Continued government support for green infrastructure and technologies is also essential for the transition and to spur the economic recovery. To mitigate the potential adverse impact of higher carbon prices on households, further relief targeted at lower-income earners can be considered.
Germany’s expanded short-time work subsidy or Kurzarbeit remains important until the recovery takes hold, while groups not covered by Kurzarbeit need to protected by different means. The unprecedented take-up of Kurzarbeit helped keep unemployment in check and supported aggregate demand. However, as the recovery takes hold, normalizing Kurzarbeit parameters becomes essential so as not to inhibit labor reallocation toward growing firms and industries. Job search assistance and appropriate training programs can facilitate workers’ transition into post-pandemic jobs.
For groups not covered by Kurzarbeit, maintaining expanded access to the current basic income program would be beneficial until the job market recovers sustainably. To arrest widening inequality, the government could consider reducing social security contributions on lower incomes, which would also spur hiring and labor supply.

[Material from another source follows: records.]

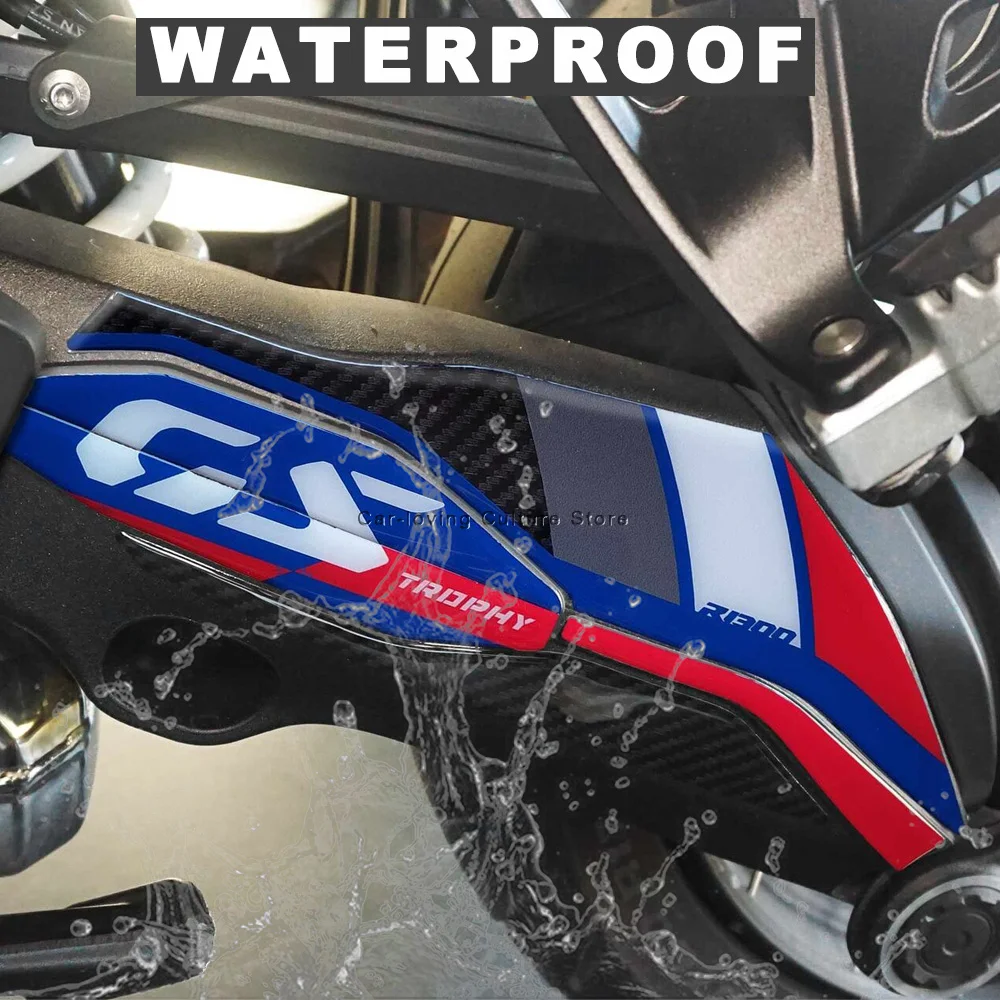   ȣ  ȣ ƼĿ, BMW R1300GS  3D  ƼĿ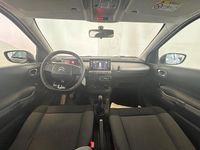 Occasion Citroën C4 Feel 82 PK (60 kW) 2016 Bruin SUV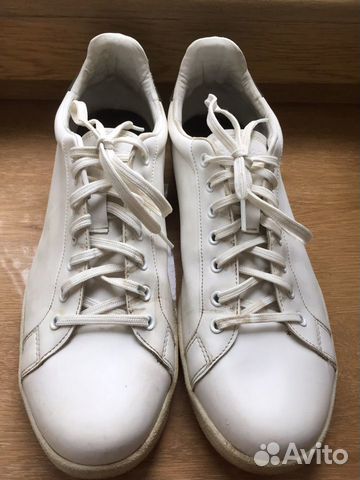 Кроссовки Кроссовки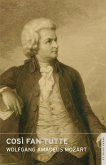 Cosi fan tutte (eBook, PDF)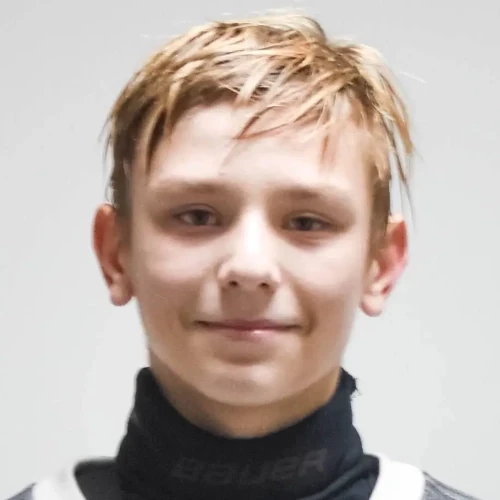 Лашин Тимофей Дмитриевич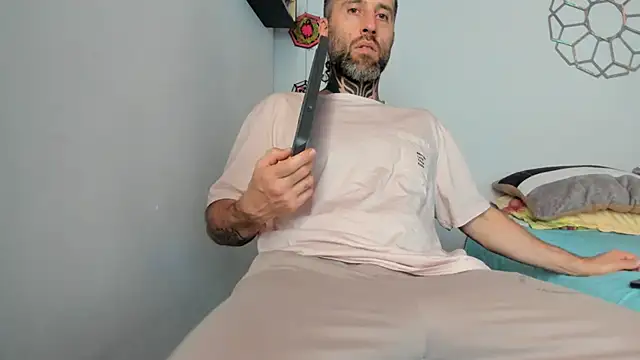 Antoniohot2024 online show from February 22, 7:36 pm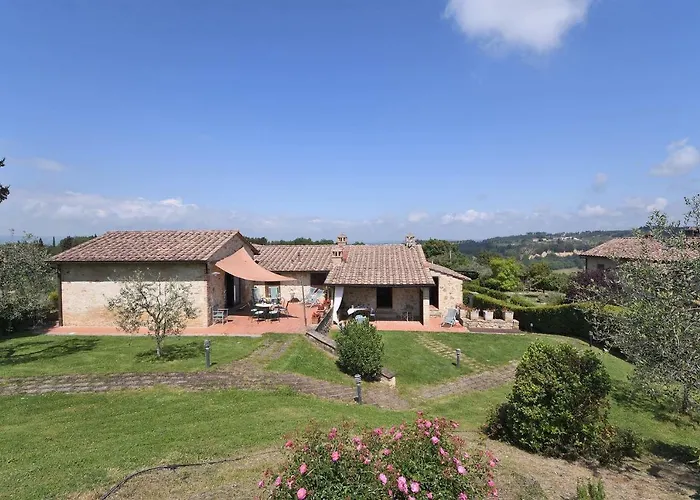 Casale Vecchio Fienile *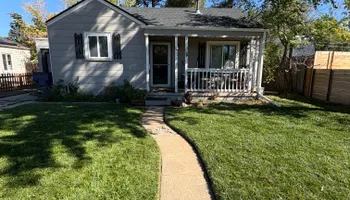 Mowing, Edging & Trimming for Denver Bros Lawn Control in Denver, CO
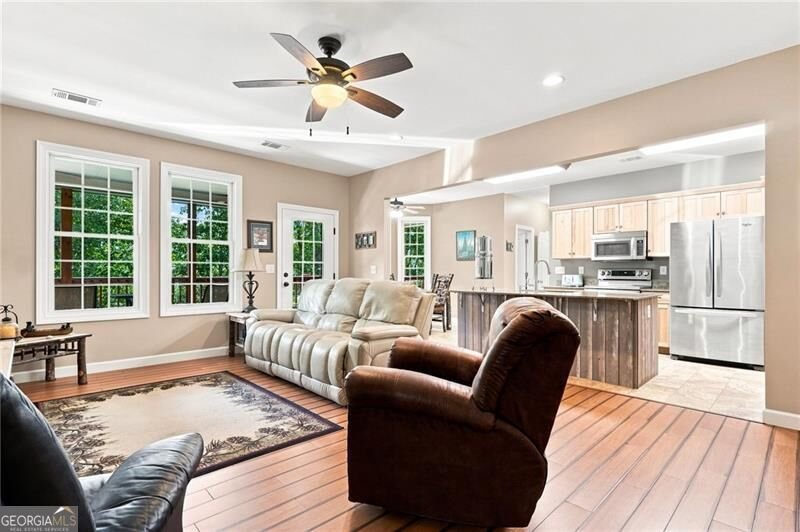 145 Ridgeline Road Talking Rock - Photo 11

Safeguarding financial stability during the nascent recovery is essential. So far bankruptcies and financial losses have been limited, while bank capital has actually increased since the onset of the pandemic. But bankruptcies may rise as support measures are phased out, warranting continued targeted liquidity and solvency support for viable firms.
Meanwhile, specifying an appropriately gradual timetable for banks to rebuild capital buffers is important to mitigate the risk of curtailed lending when it is most needed. Banks also need to improve their cost structures to address chronic low profitability. Progress has been made in narrowing data gaps that have hampered the full assessment of macro-financial risks. But the buildup of financial vulnerabilities in real estate markets calls for close monitoring and for expanding the macroprudential toolkit to include income-based instruments.